Film Pulse Score

Release Date: March 20, 2015 (Limited)
MPAA Rating: NR
Director: Eugène Green

At once a history lesson via travelogue and a relationship drama of sorts, Eugène Green’s latest film, La Sapienza, oscillates between scholarly discourses on the subject of Roman Baroque architecture and the importance of remembering and incorporating elements of the past. What starts out as cold and mechanical slowly warms up, becoming enlivened from the same welcoming light that is discussed at length within.

Celebrated architect Alexandre Schmidt (Fabrizio Rongione) and his wife, Aliénor (Christelle Prot Landman), currently find themselves emotionally adrift, each in their own respective forms of personal and professional malaise – the root causes of which remain undisclosed for much of the film’s duration. Seeking inspiration for the next chapter in his architectural career, Alexandre decides to return to Italy, to the works of Francesco Borromini and Gianlorenzo Bernini.

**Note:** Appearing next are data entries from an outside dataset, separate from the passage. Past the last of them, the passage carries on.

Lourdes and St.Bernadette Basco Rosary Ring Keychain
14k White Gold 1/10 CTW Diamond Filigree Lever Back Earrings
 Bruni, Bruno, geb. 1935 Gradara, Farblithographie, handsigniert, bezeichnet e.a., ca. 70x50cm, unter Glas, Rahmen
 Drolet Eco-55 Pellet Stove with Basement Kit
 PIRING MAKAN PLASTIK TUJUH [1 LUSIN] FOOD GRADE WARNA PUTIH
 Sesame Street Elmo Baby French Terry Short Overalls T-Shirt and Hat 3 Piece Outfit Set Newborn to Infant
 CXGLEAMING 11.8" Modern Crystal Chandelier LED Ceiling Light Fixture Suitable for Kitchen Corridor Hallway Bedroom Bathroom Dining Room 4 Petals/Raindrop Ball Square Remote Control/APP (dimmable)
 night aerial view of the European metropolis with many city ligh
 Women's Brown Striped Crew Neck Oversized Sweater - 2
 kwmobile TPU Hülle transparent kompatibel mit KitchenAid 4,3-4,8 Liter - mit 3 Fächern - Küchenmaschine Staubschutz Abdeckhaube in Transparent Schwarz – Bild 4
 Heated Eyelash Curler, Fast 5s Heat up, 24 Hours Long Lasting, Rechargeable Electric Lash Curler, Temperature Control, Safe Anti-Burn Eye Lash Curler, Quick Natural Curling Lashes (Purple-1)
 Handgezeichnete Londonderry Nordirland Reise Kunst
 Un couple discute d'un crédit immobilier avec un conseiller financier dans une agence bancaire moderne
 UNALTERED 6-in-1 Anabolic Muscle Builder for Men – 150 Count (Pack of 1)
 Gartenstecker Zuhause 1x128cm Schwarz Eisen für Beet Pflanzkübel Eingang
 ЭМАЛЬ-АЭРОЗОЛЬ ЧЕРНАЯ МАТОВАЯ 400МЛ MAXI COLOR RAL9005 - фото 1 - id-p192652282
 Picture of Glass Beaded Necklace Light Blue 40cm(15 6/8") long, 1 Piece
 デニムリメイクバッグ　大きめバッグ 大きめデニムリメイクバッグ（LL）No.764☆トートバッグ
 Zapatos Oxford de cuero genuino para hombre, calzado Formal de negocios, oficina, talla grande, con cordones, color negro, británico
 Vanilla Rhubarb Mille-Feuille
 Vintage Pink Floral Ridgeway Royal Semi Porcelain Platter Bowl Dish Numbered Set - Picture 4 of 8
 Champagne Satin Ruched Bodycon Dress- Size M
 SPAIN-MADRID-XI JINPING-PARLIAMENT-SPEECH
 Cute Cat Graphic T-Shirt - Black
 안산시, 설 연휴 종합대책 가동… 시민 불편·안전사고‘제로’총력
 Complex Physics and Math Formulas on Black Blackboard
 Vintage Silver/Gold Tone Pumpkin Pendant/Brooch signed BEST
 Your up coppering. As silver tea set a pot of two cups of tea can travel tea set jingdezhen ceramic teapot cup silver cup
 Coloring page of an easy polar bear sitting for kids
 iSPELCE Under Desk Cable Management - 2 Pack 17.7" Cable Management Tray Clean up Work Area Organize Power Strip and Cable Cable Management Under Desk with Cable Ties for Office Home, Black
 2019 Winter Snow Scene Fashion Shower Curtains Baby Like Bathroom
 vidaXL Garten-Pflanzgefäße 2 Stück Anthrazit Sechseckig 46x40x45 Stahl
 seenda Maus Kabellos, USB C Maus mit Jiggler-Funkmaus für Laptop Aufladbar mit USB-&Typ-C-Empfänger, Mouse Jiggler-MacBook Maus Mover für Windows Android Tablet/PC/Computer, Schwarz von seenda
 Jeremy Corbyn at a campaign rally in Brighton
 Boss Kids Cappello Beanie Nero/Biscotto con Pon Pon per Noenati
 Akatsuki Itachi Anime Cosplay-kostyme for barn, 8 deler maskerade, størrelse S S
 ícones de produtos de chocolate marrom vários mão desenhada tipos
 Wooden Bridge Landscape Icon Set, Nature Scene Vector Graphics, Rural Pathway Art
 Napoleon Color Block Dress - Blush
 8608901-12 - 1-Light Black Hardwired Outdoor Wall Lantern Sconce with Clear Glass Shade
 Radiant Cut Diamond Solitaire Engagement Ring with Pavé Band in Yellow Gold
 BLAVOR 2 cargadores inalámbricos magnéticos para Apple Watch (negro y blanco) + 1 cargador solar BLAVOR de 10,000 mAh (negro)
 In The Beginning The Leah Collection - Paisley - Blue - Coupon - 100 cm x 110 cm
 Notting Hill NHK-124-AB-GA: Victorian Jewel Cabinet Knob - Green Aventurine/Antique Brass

The couple goes their separate ways after encountering the brother/sister duo of Goffredo (Ludovico Succio) and Lavinia (Arianna Nastro) during their stop in Stresa with Goffredo (a budding architect himself) accompanying Alexandre on his research tour of Ticino and Rome, while Aliénor remains to care for Lavinia, who suffers from a puzzling nervous condition resembling wasting.

La Sapienza continues to shift between to the two separate, yet related, narratives as the young counterparts impart the insights that both Alexandre and Aliénor have been searching for during their trip. Haunting pasts are unveiled giving rise to context and explaining the root of the emotional disconnect between Alexandre and Aliénor and the gulf of silence that has grown between them over the years.

An endless series of discussions, presented in shot/reverse shot, revolving around the ghosts of past, light and space, and sacrifices, La Sapienza contains a number of subjects and ideas that parallel each other throughout. None of the dialogue is extraneous as the characters attempt to reconcile the past with the present, while the topic of light and its importance takes center stage. Green presents the rejection (or absence) of light as the root cause of the characters’ melancholia and personal impasses.

The light of which Green speaks is demonstrated continuously through the concentrated camera movements of Raphaël O’Byrne’s cinematography, displaying the grandiose, ethereal beauty of these architectural structures; occasionally breaking from the rigid, stiltedness of the character interactions to display the historical edifices through graceful frames tenderly surveying the complexities of the craftsmanship at hand. There is harmonious mix of 14th century and 17th century ideas, as Sant’lvo alla Sapienza seems to embody the balance of past and present Green is championing. The architecture incorporates the past within the constructs of progress without cutting off the history of a culture; thus, prolonging the culture’s existence and relevance, instead of leading to its outright elimination or, at the very least, disconnecting it from the present, leaving it to atrophy.

What, at first glance, appears to be simple story of one man attempting to salvage his career and his marriage turns into a complex entanglement of history, spirituality and Baroque architecture. Eugène Green presents the simple, idyllic idea of living harmoniously with the specters and remnants of the past with grace and compassion.